A sickle cell patient has appealed to health professionals to urgently attend to sickle cell patients in crises who attend their facilities instead of asking them to queues and go through formalities.
Mr Joshua Offuh, the 27-year-old sickle cell patient, said joining queues and going through hospital formalities could lead to their untimely death.
Mr Offuh made the appeal in an interview with the Ghana News Agency as the world prepare to observe this year’s “World Sickle Cell Awareness Day” on June 19.
“Every Clinic staff must receive some training on the sickle cell condition and how to treat persons with the sickness”.
He said it was sad that most health workers did not see the urgency needed in the care of a sickle cell patient in crises adding that “the excruciating pain that drive them to seek medical attention could kill them if immediate help does not arrive.”
“When at the hospital they delay in taking care of us leading to more pain which can kill us”, he lamented.
He further urged them to acquire in-depth knowledge about the disease and how best to make sickle cell patients comfortable when attending to them at the hospitals.
According to him, he had encountered a number of situations during crises when laboratory scientists had worsened his pains and joint swellings due to the unprofessional way they collected blood samples.
He added that poor administration of injections was also another problem they faced in the hands of some nurses who had no knowledge on the volume of pain sickle cell patients went through.
Mr Offuh, who is an Information Technology student and sickle cell advocate with the Sickle Cell Condition Advocates, a non-governmental organization, said growing up with the sickness was not something that was exciting.

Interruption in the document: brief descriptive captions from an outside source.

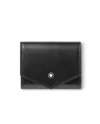 Petit porte-monnaie Montblanc Meisterstück en cuir noir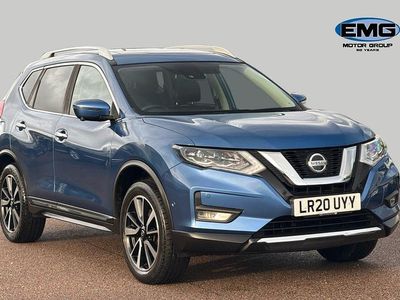 Blue Used 2020 Nissan X-Trail Tekna SUV | £16,695 (Fair price)
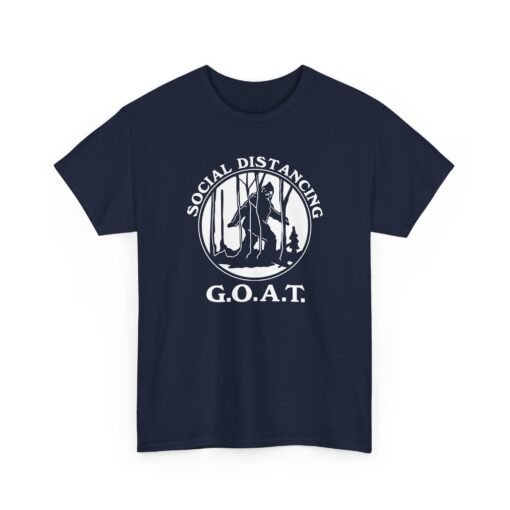 "Social Distancing G.O.A.T." Unisex T-Shirt – Bigfoot Approved - Image 25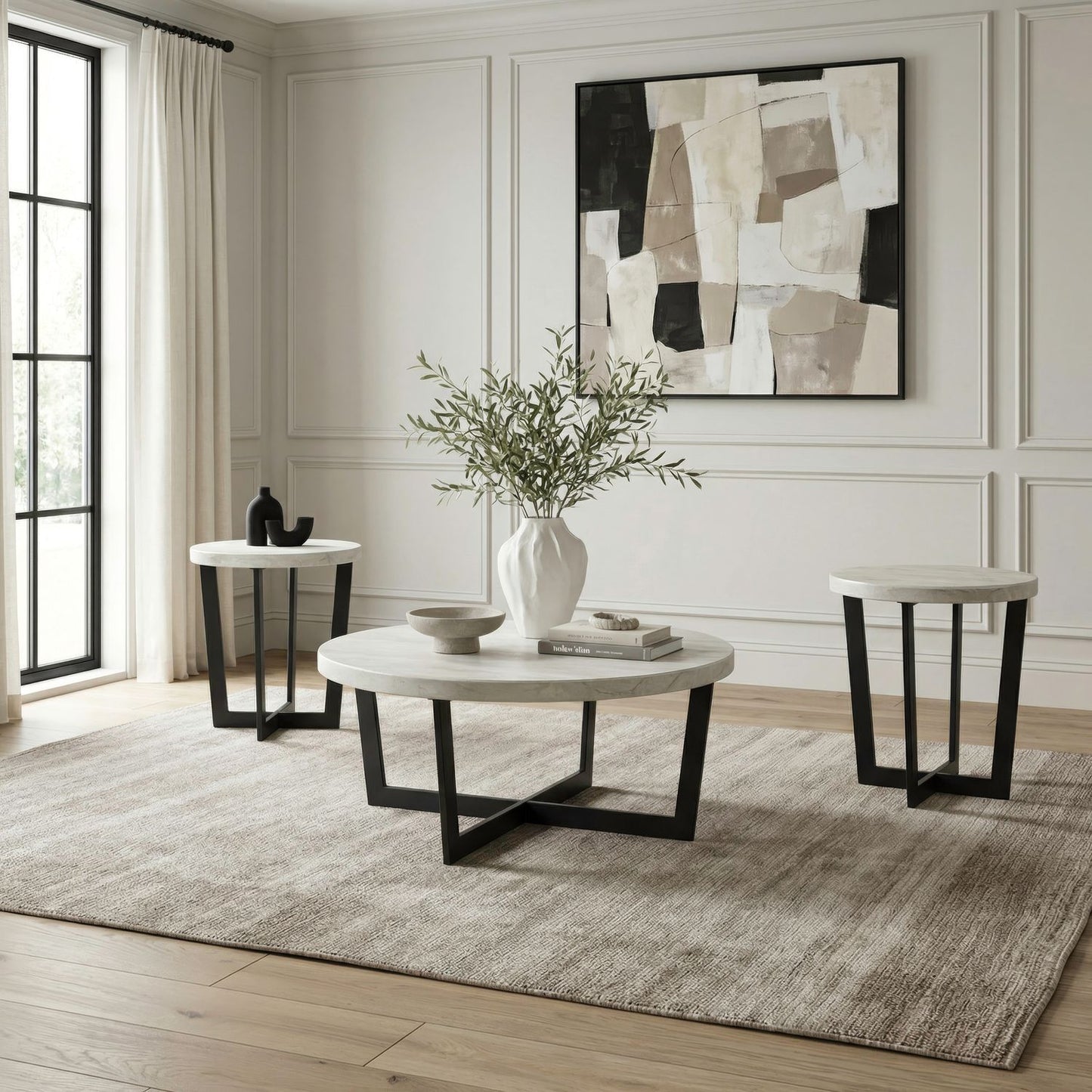 Pierce - 3 Piece Set (Cocktail Table And 2 End Tables) - Black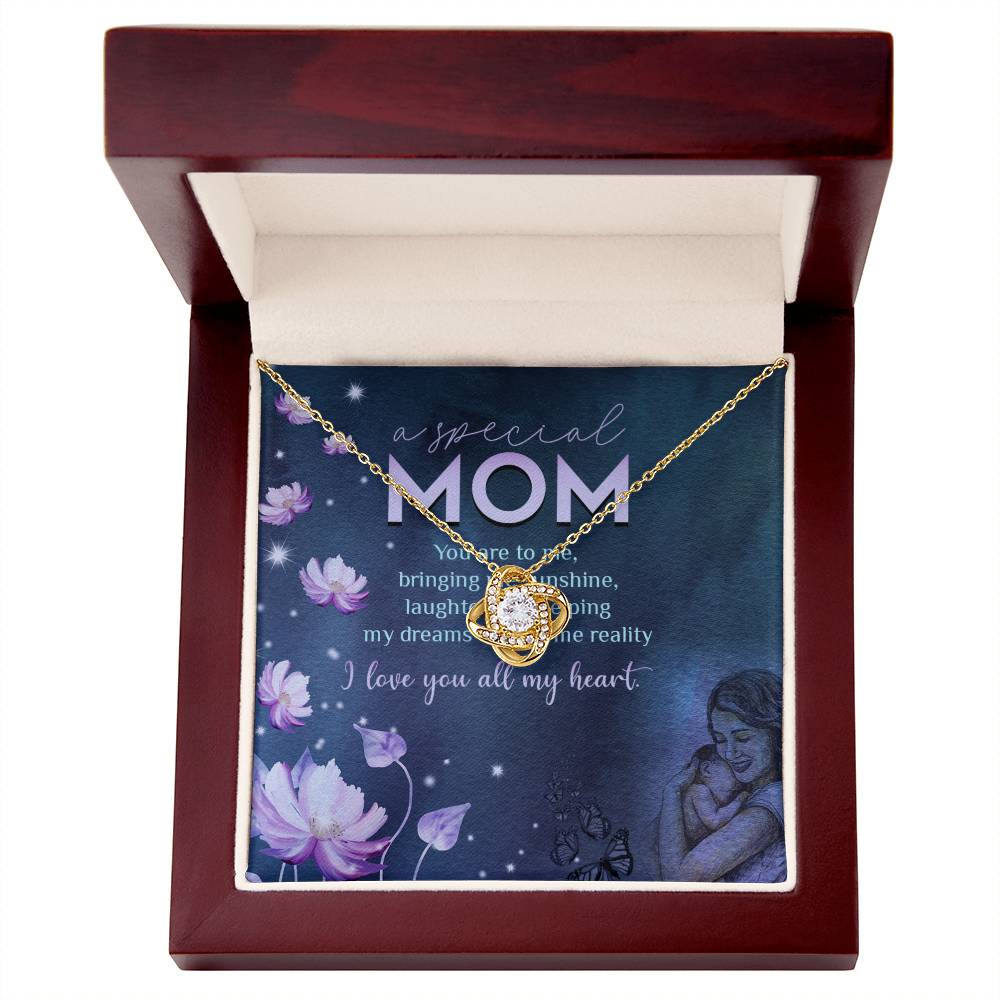 Special Mom - Love Knot Necklace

He narrated how he and his parents endured sleepless nights and several hospital admissions as he experienced an average of 10 crises a year.
He added however that the crises had reduced drastically as he made conscious effort not to be admitted at the hospital by sticking strictly to his medication, drinking more water, avoiding strenuous work, and obeying all his doctor’s instructions.
According to him, stigmatization was a problem he faced daily as most people including the educated had no knowledge about sickle cell adding that he virtually had no social life as joining friends out meant informing them of his condition to get the needed care in case of a crises.
Mr Offuh therefore appealed to government, organizations and individuals to support outreach programmes to educate people on the sickness and sensitize the youth to test before making babies.
Madam Florence Dotse, mother of Mr Offuh on her part, said two AS partners must not be encouraged to marry or make babies out of love as it was financially, physically, psychologically and emotionally costly to give birth and care for a sickle cell child.
Madam Dotse stated that she and her husband only knew their status after their son was diagnosed with the sickness at Korle Bu after several hospital visits in the Western Region.
She narrated that they started seeing symptoms of the sickness in their son when he was six months old, adding that it was unfortunate that he could not be diagnosed early by health officials at Half Assini where they were residing.
She added that because they did not know what the problem was, they resulted to using cold water on the swellings thinking it would cool the pain.
According to her, even though they had three children who are made up of two carriers and one AA, her son’s sickness had a toll on the family and therefore would not advice anybody to put their children through such pain.
She also urged parents with sickle cell patients not to neglect them but do their best to provide the needed care and love to make life meaningful for them.